After four months at my new address, I am still overestimating the times that my commutes take. I think the distance may be a tad longer, but in terms of my spatial sense of the city, the two locations both seem further away, so I allow more time. Getting to the jail it is not so easy to relax en route, but for the tech company, once I get to the traffic circle at the end of Division and check my watch, I always find that I have more than enough time to pedal softly along Townsend.
Even though there is a bike lane, there are always obstacles: every week there is someone double-parked in the bike lane across from the Adobe building; at Caltrain there are taxis and shuttles manoeuvring across the space, and people turning right onto Fourth St, which has been under construction for a long time. Elsewhere on that little stretch, I get to see other typical facets of the city – old industrial buildings being torn down or gutted; plots of land being flattened and redeveloped; the freeway overhead with lines of vehicles waiting to be disgorged onto the streets; a dairy transformed into a coffee shop.
As I noted in the previous post, I don’t seem to be in much of a hurry these days, and it is nice to slow down even more (even nicer to find that I can cover four or five blocks ambling along on a bike in the same time as someone in a high-end car who is acting impatient, revving and speeding and then getting stuck in a line of cars).

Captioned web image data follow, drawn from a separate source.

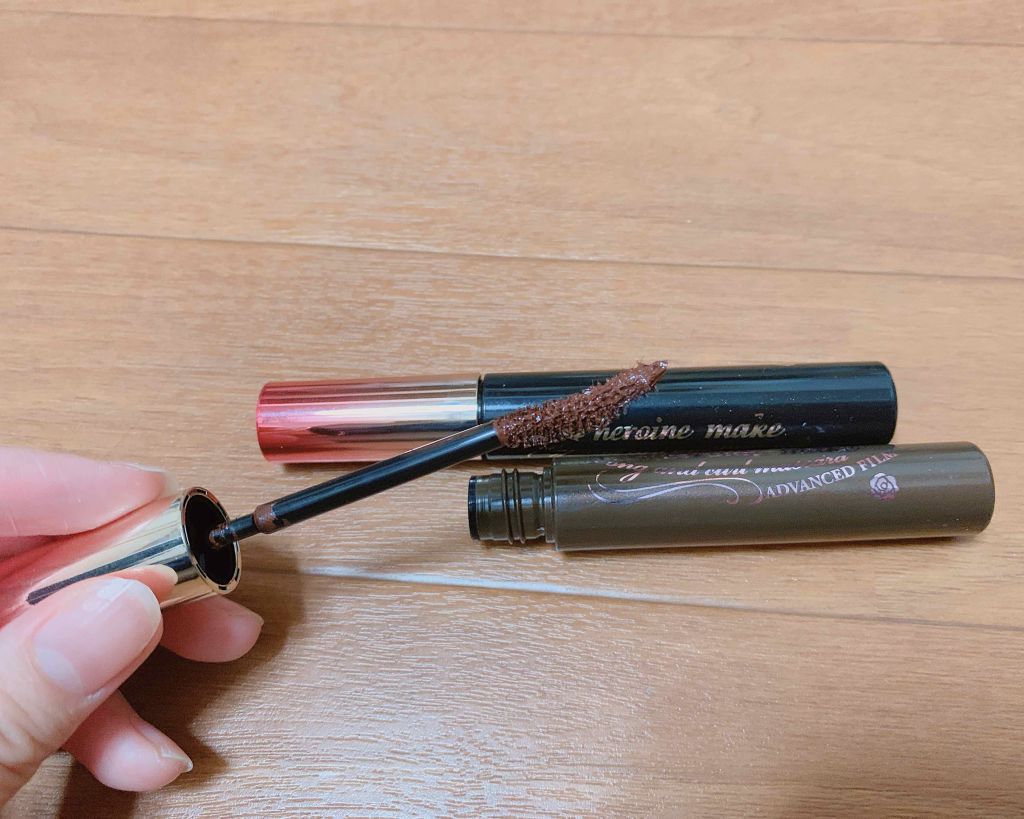 ロング&カールマスカラ アドバンストフィルム/ヒロインメイク/マスカラを使ったクチコミ(3枚目)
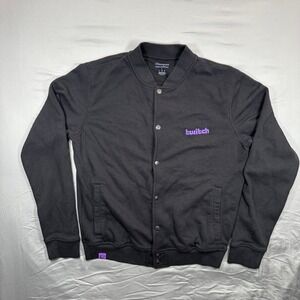 Champion "Twitch" Embroidered Button Snap Gaming Jacket Black Men's Small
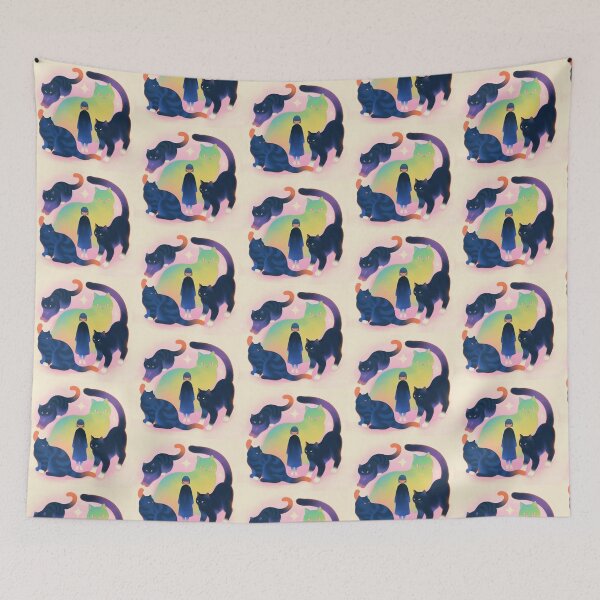 Item preview, Dreamy Feline Companionship Circle designed and sold by zzz888.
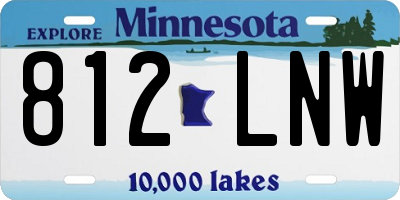 MN license plate 812LNW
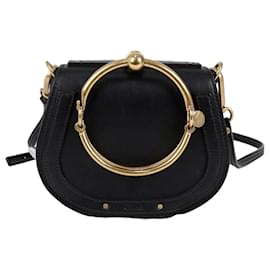 Piccola borsa tote e borsa a tracolla Nile in pelle nera - Chloé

These days I find I gravitate towards streets with cycle lanes – not that it is a guarantee of safety, but because there is at least some sense of visibility and shared ownership; maybe I am getting tired of constantly having to assert my presence on the road after almost thirty years of urban riding. Even with the waves of riders around town in the spring weather, the sense of vulnerability does not diminish.
I have also recently been commuting to North Berkeley to work on a project I will doubtless say more about in the future, and the five minute ride from BART to the workplace consists of two designated ‘bicycle boulevards’, so apart from crossing a couple of busy streets, I get to ride down peaceful wide avenues, with so little traffic I don’t usually bother to put on my helmet, something I would not contemplate doing on this side of the bay.